2. Spend hours on the phone every day complaining and crying

"You may think you're hiding it, but quite frankly everyone can hear your conversation and everyone knows exactly what's going on," Hovendick says.

If you're the one in the middle of a breakup, you may be so focused on your own emotional state that you become oblivious to what's happening around you, he says. But colleagues "pick up on the vibes quickly" by watching body language and listening in.

"In the same way your co-workers can pick up on chemistry when things are going well, they can pick up on tension when things are going poorly," he says. "They noticed when you were happy, and now they notice that you're miserable."

3. Gossip about your ex to fellow co-workers

"If you're in your cubicle talking to friends and sharing details, then you're gossiping," Hovendick says. "If you're trying to paint everything your ex has ever said or done as evil or stupid, then you're going beyond gossip into something more dangerous."

Before you start dishing to a colleague, ask yourself "Will this make me feel better?" Hovendick suggests. Chances are it won't, but airing your relationship's dirty laundry can have lasting consequences.

In the worst-case scenario, if the gossip you spread is particularly false or damaging, you can be sued for defamation, says David Baffa, a Chicago-based partner in the law firm of Seyfarth Shaw.
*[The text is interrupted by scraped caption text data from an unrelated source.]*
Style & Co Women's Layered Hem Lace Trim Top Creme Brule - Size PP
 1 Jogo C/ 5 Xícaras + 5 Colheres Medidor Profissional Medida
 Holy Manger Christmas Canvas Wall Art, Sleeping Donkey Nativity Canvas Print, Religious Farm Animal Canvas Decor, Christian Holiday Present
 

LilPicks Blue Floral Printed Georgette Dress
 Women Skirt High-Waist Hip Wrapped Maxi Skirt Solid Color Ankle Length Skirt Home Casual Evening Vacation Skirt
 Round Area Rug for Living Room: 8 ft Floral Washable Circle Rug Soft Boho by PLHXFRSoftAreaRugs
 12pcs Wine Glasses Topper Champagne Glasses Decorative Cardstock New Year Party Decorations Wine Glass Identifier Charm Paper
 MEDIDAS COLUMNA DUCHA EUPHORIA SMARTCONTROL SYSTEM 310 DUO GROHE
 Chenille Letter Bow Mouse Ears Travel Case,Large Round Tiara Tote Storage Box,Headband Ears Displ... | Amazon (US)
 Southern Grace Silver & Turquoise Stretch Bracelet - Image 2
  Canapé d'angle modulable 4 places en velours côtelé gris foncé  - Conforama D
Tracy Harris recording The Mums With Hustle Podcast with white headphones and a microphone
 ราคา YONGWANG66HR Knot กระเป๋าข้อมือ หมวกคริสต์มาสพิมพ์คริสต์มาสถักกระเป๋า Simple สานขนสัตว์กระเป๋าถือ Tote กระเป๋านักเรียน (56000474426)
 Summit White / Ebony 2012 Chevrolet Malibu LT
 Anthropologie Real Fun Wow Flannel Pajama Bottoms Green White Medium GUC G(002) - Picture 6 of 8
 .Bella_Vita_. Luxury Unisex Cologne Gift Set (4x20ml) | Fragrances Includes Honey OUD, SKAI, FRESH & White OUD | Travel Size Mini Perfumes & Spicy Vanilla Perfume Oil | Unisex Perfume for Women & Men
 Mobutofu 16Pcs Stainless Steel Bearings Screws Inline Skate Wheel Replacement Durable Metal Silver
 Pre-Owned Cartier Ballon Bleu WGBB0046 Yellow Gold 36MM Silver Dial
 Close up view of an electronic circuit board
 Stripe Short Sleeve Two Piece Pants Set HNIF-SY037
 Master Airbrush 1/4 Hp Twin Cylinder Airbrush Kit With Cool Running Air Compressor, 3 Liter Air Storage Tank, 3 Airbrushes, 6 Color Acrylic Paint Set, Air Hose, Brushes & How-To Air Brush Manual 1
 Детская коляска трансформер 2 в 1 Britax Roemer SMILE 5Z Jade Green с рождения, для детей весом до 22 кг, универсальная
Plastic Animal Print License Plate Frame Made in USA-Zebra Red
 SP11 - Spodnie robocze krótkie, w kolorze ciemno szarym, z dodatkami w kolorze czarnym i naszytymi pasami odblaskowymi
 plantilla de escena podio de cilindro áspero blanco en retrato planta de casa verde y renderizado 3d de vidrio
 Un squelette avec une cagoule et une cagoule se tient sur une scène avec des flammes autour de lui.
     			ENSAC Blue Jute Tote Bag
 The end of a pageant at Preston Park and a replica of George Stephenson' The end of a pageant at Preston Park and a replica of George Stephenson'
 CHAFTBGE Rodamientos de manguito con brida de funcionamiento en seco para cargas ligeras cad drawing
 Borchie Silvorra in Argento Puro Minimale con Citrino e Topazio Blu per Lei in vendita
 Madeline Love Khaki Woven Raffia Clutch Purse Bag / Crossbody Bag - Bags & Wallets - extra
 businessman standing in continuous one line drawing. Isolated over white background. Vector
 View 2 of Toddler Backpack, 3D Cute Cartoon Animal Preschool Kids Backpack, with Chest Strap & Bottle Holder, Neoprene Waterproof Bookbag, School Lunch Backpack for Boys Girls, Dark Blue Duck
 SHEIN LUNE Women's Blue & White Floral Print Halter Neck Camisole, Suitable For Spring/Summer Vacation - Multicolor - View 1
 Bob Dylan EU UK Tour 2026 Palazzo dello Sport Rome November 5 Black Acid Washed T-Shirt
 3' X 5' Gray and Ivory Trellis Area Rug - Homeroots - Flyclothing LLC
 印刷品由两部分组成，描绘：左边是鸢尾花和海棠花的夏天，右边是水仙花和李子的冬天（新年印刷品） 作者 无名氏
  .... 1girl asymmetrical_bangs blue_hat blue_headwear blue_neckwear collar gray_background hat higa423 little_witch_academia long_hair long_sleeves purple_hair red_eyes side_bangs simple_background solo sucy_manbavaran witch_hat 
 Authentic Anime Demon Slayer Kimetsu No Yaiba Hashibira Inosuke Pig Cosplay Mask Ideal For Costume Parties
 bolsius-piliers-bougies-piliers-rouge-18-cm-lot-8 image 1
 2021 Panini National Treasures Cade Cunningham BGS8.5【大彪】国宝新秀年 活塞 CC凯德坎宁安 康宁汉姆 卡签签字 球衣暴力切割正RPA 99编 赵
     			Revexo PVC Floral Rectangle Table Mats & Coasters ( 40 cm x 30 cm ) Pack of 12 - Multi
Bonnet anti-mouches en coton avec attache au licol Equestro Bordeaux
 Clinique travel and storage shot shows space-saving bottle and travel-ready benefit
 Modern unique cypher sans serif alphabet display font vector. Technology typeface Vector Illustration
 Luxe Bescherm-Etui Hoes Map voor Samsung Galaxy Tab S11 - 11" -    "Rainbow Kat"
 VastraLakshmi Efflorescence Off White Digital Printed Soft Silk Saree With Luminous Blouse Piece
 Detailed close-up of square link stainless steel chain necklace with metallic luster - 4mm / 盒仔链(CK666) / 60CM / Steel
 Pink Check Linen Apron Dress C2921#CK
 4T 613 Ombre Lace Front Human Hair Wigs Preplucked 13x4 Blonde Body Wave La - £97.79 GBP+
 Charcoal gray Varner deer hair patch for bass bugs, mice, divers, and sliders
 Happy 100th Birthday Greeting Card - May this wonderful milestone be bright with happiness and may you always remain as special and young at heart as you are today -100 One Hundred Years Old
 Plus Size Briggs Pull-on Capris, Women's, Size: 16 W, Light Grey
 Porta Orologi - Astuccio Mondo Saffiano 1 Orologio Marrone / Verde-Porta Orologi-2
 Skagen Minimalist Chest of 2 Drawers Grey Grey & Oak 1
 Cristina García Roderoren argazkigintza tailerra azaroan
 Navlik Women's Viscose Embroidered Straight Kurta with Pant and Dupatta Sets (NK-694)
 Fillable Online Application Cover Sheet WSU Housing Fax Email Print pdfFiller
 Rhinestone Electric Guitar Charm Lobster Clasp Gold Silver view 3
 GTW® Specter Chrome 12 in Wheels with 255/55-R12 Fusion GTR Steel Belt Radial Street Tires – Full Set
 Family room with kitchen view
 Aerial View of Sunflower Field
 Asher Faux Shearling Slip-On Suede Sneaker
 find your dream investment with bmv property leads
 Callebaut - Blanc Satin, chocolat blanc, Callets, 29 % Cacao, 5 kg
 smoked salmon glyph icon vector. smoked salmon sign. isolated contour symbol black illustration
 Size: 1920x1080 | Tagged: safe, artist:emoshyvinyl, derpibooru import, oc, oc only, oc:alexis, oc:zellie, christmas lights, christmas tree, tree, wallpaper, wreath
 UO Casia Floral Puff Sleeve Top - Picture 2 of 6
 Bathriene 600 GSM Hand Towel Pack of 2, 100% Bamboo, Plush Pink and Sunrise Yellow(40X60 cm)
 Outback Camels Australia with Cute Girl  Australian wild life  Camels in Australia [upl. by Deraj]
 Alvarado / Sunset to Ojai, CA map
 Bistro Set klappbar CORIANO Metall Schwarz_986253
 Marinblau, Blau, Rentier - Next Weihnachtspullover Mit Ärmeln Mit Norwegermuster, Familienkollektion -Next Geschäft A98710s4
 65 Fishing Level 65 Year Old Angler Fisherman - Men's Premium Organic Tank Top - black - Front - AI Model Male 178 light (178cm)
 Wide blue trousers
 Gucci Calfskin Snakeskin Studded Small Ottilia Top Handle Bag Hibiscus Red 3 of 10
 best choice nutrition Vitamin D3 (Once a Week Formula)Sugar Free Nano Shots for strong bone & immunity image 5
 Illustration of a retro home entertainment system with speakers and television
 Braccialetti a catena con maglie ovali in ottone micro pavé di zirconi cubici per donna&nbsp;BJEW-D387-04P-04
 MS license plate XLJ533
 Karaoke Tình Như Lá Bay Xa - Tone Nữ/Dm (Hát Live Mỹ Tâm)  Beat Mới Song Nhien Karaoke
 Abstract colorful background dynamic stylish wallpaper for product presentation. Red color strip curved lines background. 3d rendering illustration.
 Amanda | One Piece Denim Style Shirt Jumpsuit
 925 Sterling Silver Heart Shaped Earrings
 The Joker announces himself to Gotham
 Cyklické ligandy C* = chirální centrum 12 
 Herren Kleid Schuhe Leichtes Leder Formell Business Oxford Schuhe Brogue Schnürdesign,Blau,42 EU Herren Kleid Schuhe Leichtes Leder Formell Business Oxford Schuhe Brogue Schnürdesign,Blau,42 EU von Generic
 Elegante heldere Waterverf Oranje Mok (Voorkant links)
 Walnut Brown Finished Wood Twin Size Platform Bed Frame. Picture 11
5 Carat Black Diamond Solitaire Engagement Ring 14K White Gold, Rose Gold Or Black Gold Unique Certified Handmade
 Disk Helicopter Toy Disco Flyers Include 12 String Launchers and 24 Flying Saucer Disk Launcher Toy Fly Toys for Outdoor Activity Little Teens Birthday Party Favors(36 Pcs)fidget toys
"There have been suits that use the word 'hellish' to describe how relentless, how intolerable it can be," Baffa says.

4. Sabotage their career

"Let's say your ex is a critical part of a team, and you intentionally withhold details from them about a special project to make them look like they don't know what they're doing," Hovendick says. "That's the very definition of sabotage -- you're setting them up to fall."

When the failed relationship exists between a manager and a subordinate, one of the worst ways the manager could handle it is with a "negative employment action," Baffa says, such as passing their subordinate over for special projects, ignoring them for a raise or even firing them.

"That's when it goes from inappropriate to unlawful," he says. "You make matters much worse if your actions could be considered retaliatory."

5. Claim sexual harassment

"Sometimes one party will feel so frustrated, so angry, about the way that things went down, they'll say it wasn't mutual -- it was harassment," he says. "When people get wronged, it's easy for them to feel like there was never a real relationship there in the first place, and then things rapidly turn into a lawsuit."

This most often happens when one party wanted more from the relationship than the other person was willing to give, Hovendick explains -- especially when the relationship is between a manager and a subordinate.

"This is especially tricky when the relationship creates a conflict of interest," Baffa says. "Where one person can affect the career trajectory of another, including how they are paid or how they advance, it's classic sexual harassment."

6. Stalk them

"I've seen situations where one party just can't get over the breakup and starts showing up at the other person's desk all the time, begging, pleading and following them around," Baffa says.

If that kind of "stalking" is allowed to persist, it can be classified as creating a hostile work environment, he says, which is a big problem for employers.

Baffa stresses that this kind of stalking doesn't have to be spiteful or mean -- on the contrary, it's actually kind of pitiful.

"One person could continue asking the other out, apologizing and trying to repair the relationship," he says. "But any kind of unwanted continued solicitations are dangerous because it can just become intolerable for the other person."

7. Start another relationship

"One of the worst ways to end an office romance would be to just start a different office romance," Baffa says. "Jealousy can be a real killer in the workplace that wildly interferes with productivity."

The classic "you cheated on me" accusations are bad enough outside the workplace, Baffa says -- but they're darn near intolerable when they're brought into the office environment.

"This is the kind of thing that will only be tolerated for so long," he says. "Serial daters who go around creating a storm of madness quickly find themselves labeled as 'ex' employees."